We had a lovely day even if the day itself wasn’t lovely. We oven roasted these beautiful big shrimp with a bunch of veggies and had that with polenta and it was delicious. A Weight Watchers recipe.
I took the train down and the bus train back and that was lovely too as I got to stare out the window at the wet fields with spring coming on and read the Confessions of a Comma Queen. That book is so funny and quirky and delightful I know I will read it again. The chapter I drifted in and out of was on the hyphen.
I need to read. I have three books due back at the library in a week and only one of them is renewable.
Somehow or other, and it is not because I sent money, I got on Bernie Sanders email distribution list and I have been getting emails from his team sometimes three times a day. I am glad he is running against Hillary so that people are talking about some of the issues that matter but I have a confession to make…
I absolutely hate the “Sisters and Brothers” salutation at the beginning of their communications. It makes me wince. I admit it too I feel the same when I hear a sitting President, as I have most of my life say “God Bless America” at the end of every communication.
Language matters. It is the vehicle for the narrative we use to tell us who we are.
And right now we appear to be a big roiling mess.
I heard an interview last night with the author Victor LaValle. The protagonist in his new novel is a bit of a self-identified con artist and he said…
“…Well, you know, on one level what I was sort of thinking about was the hustle of writing as a whole, right, and specifically the hustle of being a black writer, that time and again - and this is - there’s - I mean, if you’re a Southern writer, if you’re a Midwestern writer, if you’re a woman writer, if you’re a Jewish writer, there’s all these hustles that exist that if you play into them, there are already readers, there are already accolades, there are already avenues that have been set up to essentially decide that you are good at that because you essentially just look like someone who should be good at that. Right, it’s the idea that if you look the part, we’ll overlook your mediocrity. And that’s something that is always on my mind. As a black writer, I mean, there are certain avenues that I think - you could approach them in ways that have been done by geniuses before, and because it sort of looks like what a genius of a previous generation did, you may enjoy the glow of that genius, that secondary light. You can be a moon to their sun, and you can make a whole career off of essentially being that. And I was terrified at the idea of turning into someone like that, and so I wanted to funnel that into the book as, like, on some level that’s what Tommy’s doing. But of course, I didn’t want to make him a writer who’s dealing with exactly that issue because at least for me, few things are less interesting than a writer dealing with what kind of writer they’re going to be in a book…”

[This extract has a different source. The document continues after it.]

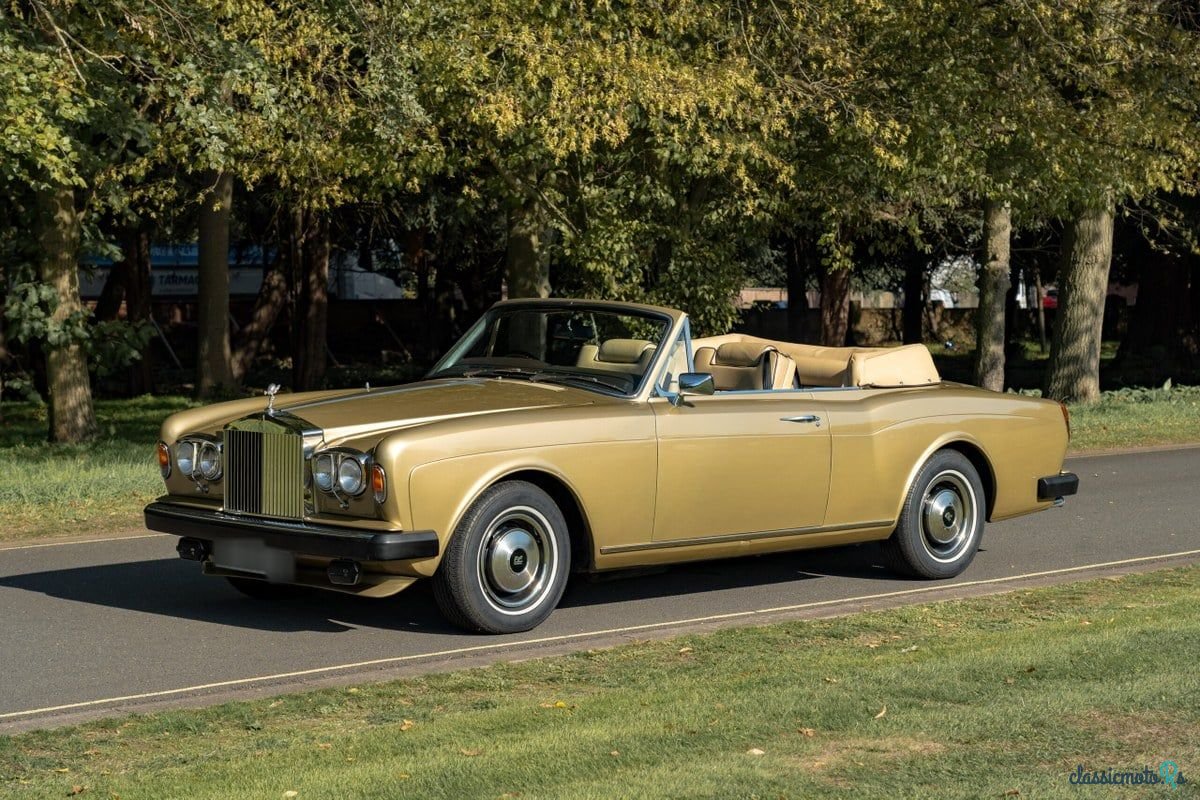 1981' Rolls-Royce Silver Shadow photo #1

Hearing this to me was like drinking fresh cool water on a hot day, I have never heard one of my fears as a creative person and my pet peeves as a consumer of art more articulately presented. It is this huge thing that has annoyed me for years. There are so many wanna bes out there who do everything to look the part and sound the part that are…I am sorry…boring. Mediocre.
Time after time I have been to a reading with writers and I am asking myself, why them? Why are they up there and I am down here looking up at them? Yes, they did the work, but they are trading on something that isn’t talent or the deep meaningful work of an artist to communicate something that touches on many different levels.

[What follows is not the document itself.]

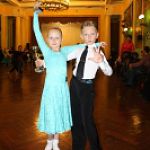 Новгородские  танцоры Артем и Александра Маловы стали победителями турнира в Санкт-Петербурге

I have made all this effort to use the spiritual tools at my disposal to suppress this tendency to feel and think and respond this way. When I talk to non-artists about this they encourage me to be compassionate and don’t quite get it. I tell myself to just be quiet and do the work but I am just going to say it, venture to wildly boldly arrogantly express an opinion here as that seems to be what Americans are doing these days…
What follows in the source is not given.